Two main contenders have emerged as Africa’s top oil producer heads to presidential elections: incumbent Muhammadu Buhari, who is widely perceived as clean but inefficient, and former Vice President Atiku Abubakar, an entrepreneur who’s long been accused of corruption.
As Nigeria, a nation of 200 million people, prepares for a close election in February, the two septuagenarians are laying out the policies they hope will lead them to victory.
They may both be northern Muslims and stalwarts of the political establishment, but their careers and ideas for how to take Nigeria forward differ
Buhari, 75, who led the OPEC member as a military dictator in the 1980s before returning to power as a civilian ruler in 2015, has promised to curb graft and invest in infrastructure if he wins another four-year term. He has a reputation for honesty in what ranks as one of the world’s most corrupt countries.
His opponents say he’s aloof and that his administration’s statist policies have sent foreign investors fleeing. Abubakar, 71, the flag-bearer of the main opposition People’s Democratic Party, has business interests ranging from oil services to beverages and a private university.
He says that his experience in the private sector puts him in a better position to revive an economy still struggling from the 2014 crash in oil prices. Critics have long accused him of using positions in government to enrich himself, which he denies. It’s a contest “between ‘Mr. Clean’ and ‘Mr. Action’,” said Sebastian Spio-Garbrah and Harrison Declan, analysts at Toronto-based DaMina Advisors.
“While Buhari’s campaign highlights his reformist non-corrupt persona against charges of economic mismanagement and incompetence, Abubakar’s is built around his business savvy, competence and elite support, albeit with a tinge of corruption.”
Here’s how they would contrast as leaders: Governance Style: Abubakar, commonly known as Atiku, may be less controlling than Buhari. The president, a former general, has been faulted for not trusting his ministers enough to enact reforms and giving too much power to a clique of fellow northerners, such as Chief of Staff Abba Kyari.
“Buhari, given his military background, has been inclined to run a sort of centralized command system,” Paul Collier, a professor at the University of Oxford’s Blavatnik School of Government, said in an interview.

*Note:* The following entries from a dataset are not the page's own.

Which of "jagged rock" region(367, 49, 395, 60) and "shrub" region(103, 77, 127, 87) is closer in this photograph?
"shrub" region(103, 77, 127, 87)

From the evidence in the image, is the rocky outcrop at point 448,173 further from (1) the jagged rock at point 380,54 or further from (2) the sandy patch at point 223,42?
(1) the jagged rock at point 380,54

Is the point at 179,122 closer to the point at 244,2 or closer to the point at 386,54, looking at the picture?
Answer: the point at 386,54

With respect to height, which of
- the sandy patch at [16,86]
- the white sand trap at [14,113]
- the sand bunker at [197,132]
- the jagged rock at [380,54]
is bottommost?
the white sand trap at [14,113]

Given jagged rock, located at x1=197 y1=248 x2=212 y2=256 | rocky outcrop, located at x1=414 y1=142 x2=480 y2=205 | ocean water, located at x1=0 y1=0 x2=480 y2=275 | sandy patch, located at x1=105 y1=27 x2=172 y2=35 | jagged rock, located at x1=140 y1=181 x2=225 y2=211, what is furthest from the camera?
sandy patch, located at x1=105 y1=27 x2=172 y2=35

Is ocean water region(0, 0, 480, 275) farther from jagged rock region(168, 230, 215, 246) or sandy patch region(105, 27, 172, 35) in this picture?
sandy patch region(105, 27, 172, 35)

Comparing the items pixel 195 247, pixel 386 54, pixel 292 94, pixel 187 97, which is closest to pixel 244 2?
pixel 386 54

He should have concentrated on security issues and “left others with more economic expertise to take the major economic decisions.”
Buhari’s approach probably won’t change much, according to Michael Famoroti, an analyst in Lagos at Vetiva Capital Management Ltd. That would mean more large budgets, high borrowing, subsidized gasoline and greater spending on social welfare. Abubakar, who spearheaded Nigeria’s privatization efforts as deputy leader between 1999 and 2007, claims he’ll be more market-friendly.
He criticized the central bank and government’s handling of a multi-billion-dollar dispute with MTN Group Ltd., which saw the South African company’s shares plummet. But he might struggle to push through reforms such as raising fuel prices or selling inefficient state companies, given the inevitable political backlash, Famoroti said.
The Naira and the Central Bank: The two candidates differ sharply on how to handle Nigeria’s currency. Buhari favors tightly controlling the naira and supports central bank Governor Godwin Emefiele’s system of multiple exchange rates. The International Monetary Fund and many foreign investors want it scrapped.
So does Abubakar, who said in an interview last month that he’d deregulate the foreign-exchange market, even if he wouldn’t necessarily go as far as floating the naira. Abubakar would “almost certainly” replace Emefiele, whose first term ends in June, said John Ashbourne of London-based Capital Economics Ltd. Oil Sector: While Buhari made himself oil minister and promised big changes, he’s largely kept the structure of the energy industry and state-owned behemoth Nigerian National Petroleum Corp.
unchanged. He also spent $1.3 billion on subsidies in the first six months of this year to keep pump prices down, according to Renaissance Capital. That would change under an Abubakar presidency, said Abiodun Keripe, head of research at Elixir Investment.